Kentucky Rises to show love for mountains

    Anti-mountaintop removal activists in Kentucky spent Valentine’s Day showing their love for the Appalachian mountains. In fact, they went as far as to rename the holiday “I Love Mountains Day.”

    Over 1,200 people descended on the Kentucky capitol in Frankfort yesterday morning for a march and rally to call for an end to this highly destructive form of mining and demand a transition to clean energy. At the same time, a group of affected coalfield residents, retired coal miners and bestselling authors (including the great Wendell Berry) ended a four day sit-in at the office of Kentucky governor Steve Beshear—an ardent defender of MTR.

    According to the organizers of what’s been dubbed Kentucky Rising, the fourteen protesters emerged “victorious” before an excited crowd on the steps of the state Capitol.

    The protesters… had been staying in the office since talks between them and Gov. Beshear came to a stalemate on Friday afternoon, when he finally agreed to meet with them after initially refusing to do so that morning. In the meeting, Gov. Beshear continued to express his steadfast support for both mountaintop removal and the coal industry.

    The citizens found his position unacceptable, and refused to vacate his office. When they declined to leave, the governor instructed his security team to inform the protesters that they were welcome to stay “as long as they wanted.”

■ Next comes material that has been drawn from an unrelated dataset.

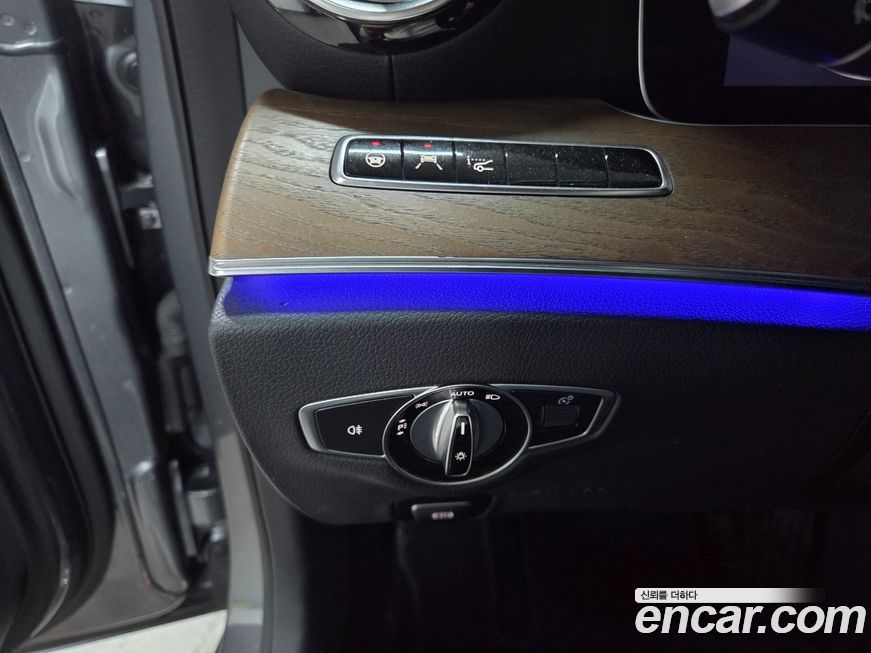 Mercedes-Benz E-Class 2020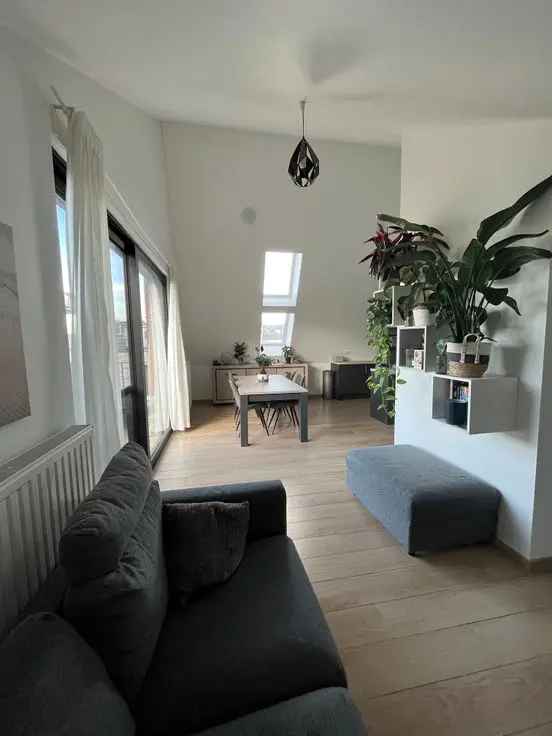 Ruim Appartement te Huur Berchem-Sainte-Agathe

    They held out until yesterday, when Beshear pledged to travel to eastern Kentucky within thirty days and personally inspect the damage caused by mountaintop removal. While this is certainly a concession worthy of celebration, it appears to have fallen short of the activists’ initial vow “to remain in his office until the governor agrees to stop the poisoning of Kentucky’s land, water, and people by mountaintop removal; or until he chooses to have the citizens physically removed.”

    Wendell Berry noted this shortcoming in his address to the crowd on the Capitol steps.

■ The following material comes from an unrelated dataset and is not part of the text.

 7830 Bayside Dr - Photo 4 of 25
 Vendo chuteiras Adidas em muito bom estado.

    We do not look upon these events as finished. We do not think of what we have done as in any sense a symbolic gesture. We’re humbled instead by the realization that our efforts cannot be carried to success by us or by any other few of us. If the adventure of the last couple days by this small company of friends is to be more than a symbolic gesture that can be only because all of you who are here, and many of our friends who are not here, will take it up, make it your adventure and your cause until this great house will become the true home of justice to all the people of this state and of faithful care for the divine gifts of land and water and of life itself.

    Berry is correct to note that it will take more than the fourteen people who sat in Beshear’s office to save the mountains of Kentucky. And there’s good reason to think that that work will be taken up by the many supporters outside the Capitol building and beyond. But those people will have to at some point do what the fourteen did not: show unwavering resistance.

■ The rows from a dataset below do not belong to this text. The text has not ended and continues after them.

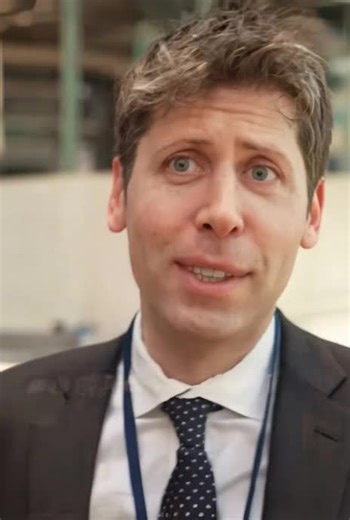 import random def quantum_jam_randomized(text):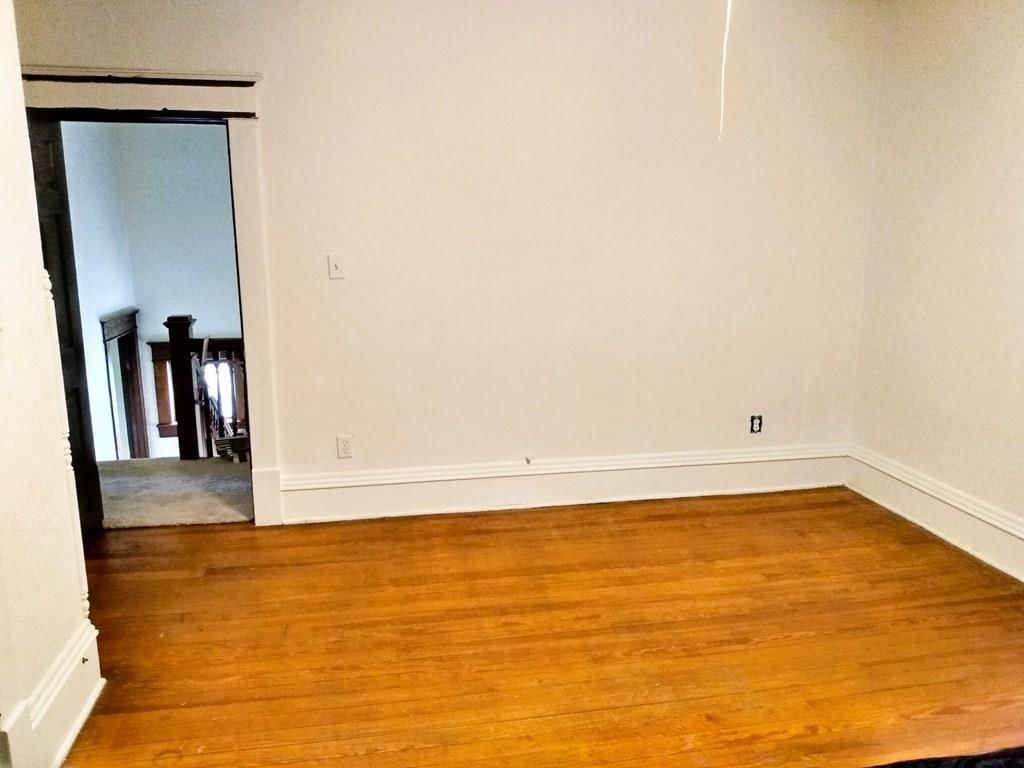 605 W Myrtle Street — photo 45
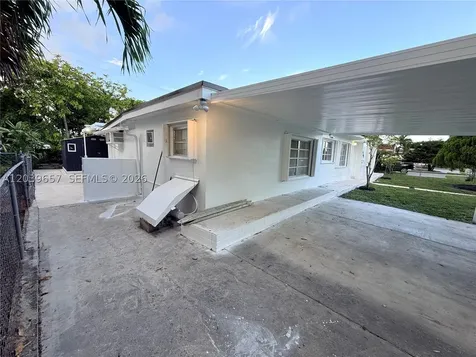 561 W 39th Street Hialeah FL 33012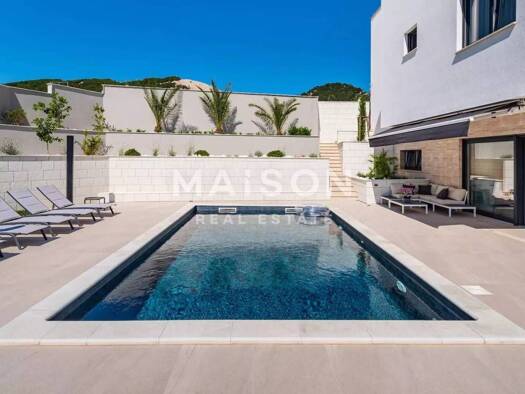 Haus zum Kauf 1.090.000 € 8 Zimmer 300 m² Banjol, Rab Rab
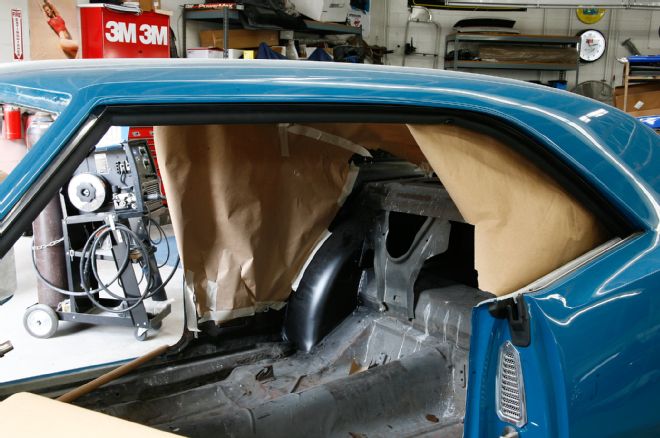 Six Point Chassisworks Exact Fit Cage Installation 1968 Camaro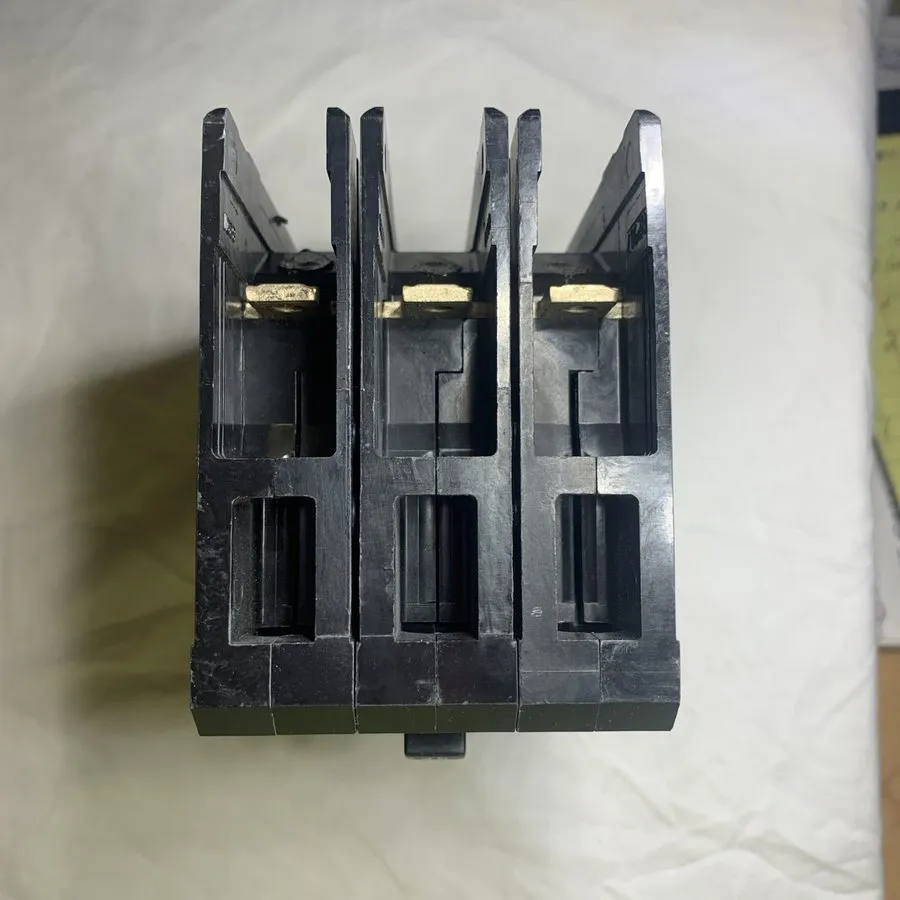 Автоматический выключатель Siemens HED43B035 Sentron Series Circuit Breaker 35A  — фото лота 2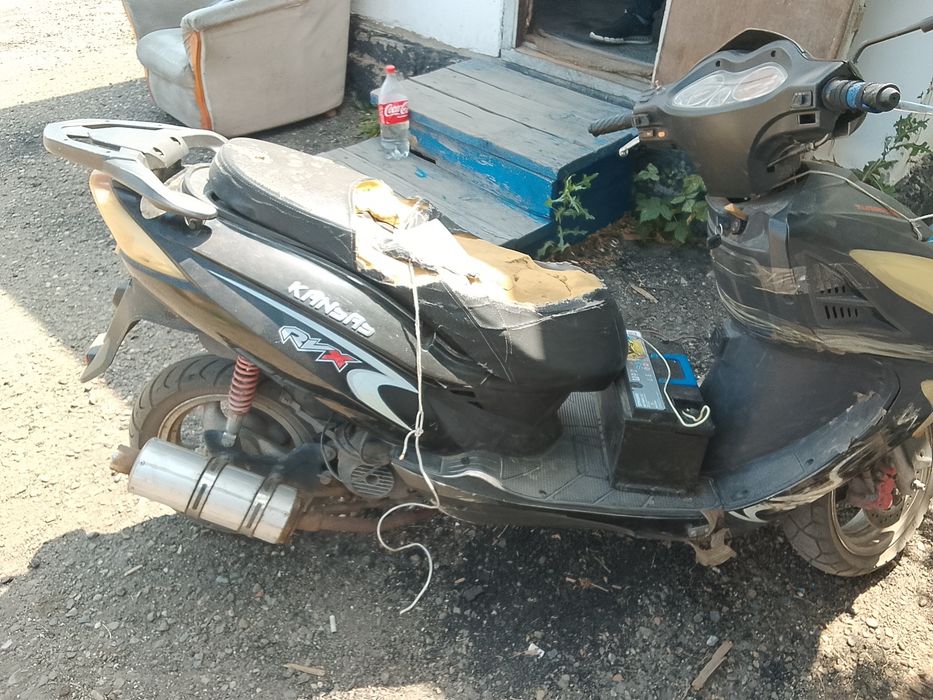Продам скутер Рейсер 150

    It is no coincidence, as Jeff Biggers pointed out, that this sit-in took place “only days since the anniversary of the historic Greensboro sit-ins in North Carolina, which triggered the Civil Rights Movement in 1960.” The organizers of Kentucky Rising are hoping their event sparks a similar type movement. If that has any chance of happening, the next step is to ensure that Beshear follows through on his pledge to tour eastern Kentucky within 30 days. Should he not, the activists know what they must do: more civil disobedience, the larger and more persistent the better.

    As author Terry Tempest Williams, who lent her support to Kentucky Rising, explained, “Mountaintop removal is an act of aggression. Civil disobedience is an act of love.”